● **Your instructions**: What follows is a set of records; repeat all of them exactly.

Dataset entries

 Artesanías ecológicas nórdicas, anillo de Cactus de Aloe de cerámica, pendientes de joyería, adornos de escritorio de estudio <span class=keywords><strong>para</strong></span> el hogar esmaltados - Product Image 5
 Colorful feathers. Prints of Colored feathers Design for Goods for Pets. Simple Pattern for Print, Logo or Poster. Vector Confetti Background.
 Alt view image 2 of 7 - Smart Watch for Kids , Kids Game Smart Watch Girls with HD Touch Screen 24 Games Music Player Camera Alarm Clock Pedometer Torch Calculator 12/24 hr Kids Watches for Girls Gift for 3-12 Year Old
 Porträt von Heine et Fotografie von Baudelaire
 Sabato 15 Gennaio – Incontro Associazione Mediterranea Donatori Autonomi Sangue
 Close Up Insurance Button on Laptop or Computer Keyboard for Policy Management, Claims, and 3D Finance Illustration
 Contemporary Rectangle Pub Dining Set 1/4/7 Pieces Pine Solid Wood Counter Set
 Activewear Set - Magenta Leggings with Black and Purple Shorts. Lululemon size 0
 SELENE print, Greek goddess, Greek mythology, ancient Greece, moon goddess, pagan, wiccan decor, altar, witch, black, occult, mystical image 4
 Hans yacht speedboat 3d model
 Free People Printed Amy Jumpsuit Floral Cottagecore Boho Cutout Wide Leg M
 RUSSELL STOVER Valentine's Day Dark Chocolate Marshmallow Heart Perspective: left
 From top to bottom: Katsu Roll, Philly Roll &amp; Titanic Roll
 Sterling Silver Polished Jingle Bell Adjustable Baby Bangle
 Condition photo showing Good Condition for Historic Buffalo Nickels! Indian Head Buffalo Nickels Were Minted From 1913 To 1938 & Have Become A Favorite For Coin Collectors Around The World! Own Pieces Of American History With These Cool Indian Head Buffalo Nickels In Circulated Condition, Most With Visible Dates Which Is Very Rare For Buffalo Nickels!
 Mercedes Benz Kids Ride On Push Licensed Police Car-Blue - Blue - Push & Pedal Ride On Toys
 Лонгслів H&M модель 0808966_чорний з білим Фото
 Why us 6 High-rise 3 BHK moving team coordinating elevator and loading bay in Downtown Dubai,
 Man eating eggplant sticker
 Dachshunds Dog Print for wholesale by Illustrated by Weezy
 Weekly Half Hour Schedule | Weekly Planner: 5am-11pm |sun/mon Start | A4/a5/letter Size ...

● **Problem solution**:
 Artesanías ecológicas nórdicas, anillo de Cactus de Aloe de cerámica, pendientes de joyería, adornos de escritorio de estudio <span class=keywords><strong>para</strong></span> el hogar esmaltados - Product Image 5
 Colorful feathers. Prints of Colored feathers Design for Goods for Pets. Simple Pattern for Print, Logo or Poster. Vector Confetti Background.
 Alt view image 2 of 7 - Smart Watch for Kids , Kids Game Smart Watch Girls with HD Touch Screen 24 Games Music Player Camera Alarm Clock Pedometer Torch Calculator 12/24 hr Kids Watches for Girls Gift for 3-12 Year Old
 Porträt von Heine et Fotografie von Baudelaire
 Sabato 15 Gennaio – Incontro Associazione Mediterranea Donatori Autonomi Sangue
 Close Up Insurance Button on Laptop or Computer Keyboard for Policy Management, Claims, and 3D Finance Illustration
 Contemporary Rectangle Pub Dining Set 1/4/7 Pieces Pine Solid Wood Counter Set
 Activewear Set - Magenta Leggings with Black and Purple Shorts. Lululemon size 0
 SELENE print, Greek goddess, Greek mythology, ancient Greece, moon goddess, pagan, wiccan decor, altar, witch, black, occult, mystical image 4
 Hans yacht speedboat 3d model
 Free People Printed Amy Jumpsuit Floral Cottagecore Boho Cutout Wide Leg M
 RUSSELL STOVER Valentine's Day Dark Chocolate Marshmallow Heart Perspective: left
 From top to bottom: Katsu Roll, Philly Roll &amp; Titanic Roll
 Sterling Silver Polished Jingle Bell Adjustable Baby Bangle
 Condition photo showing Good Condition for Historic Buffalo Nickels! Indian Head Buffalo Nickels Were Minted From 1913 To 1938 & Have Become A Favorite For Coin Collectors Around The World! Own Pieces Of American History With These Cool Indian Head Buffalo Nickels In Circulated Condition, Most With Visible Dates Which Is Very Rare For Buffalo Nickels!
 Mercedes Benz Kids Ride On Push Licensed Police Car-Blue - Blue - Push & Pedal Ride On Toys
 Лонгслів H&M модель 0808966_чорний з білим Фото
 Why us 6 High-rise 3 BHK moving team coordinating elevator and loading bay in Downtown Dubai,
 Man eating eggplant sticker
 Dachshunds Dog Print for wholesale by Illustrated by Weezy
 Weekly Half Hour Schedule | Weekly Planner: 5am-11pm |sun/mon Start | A4/a5/letter Size ...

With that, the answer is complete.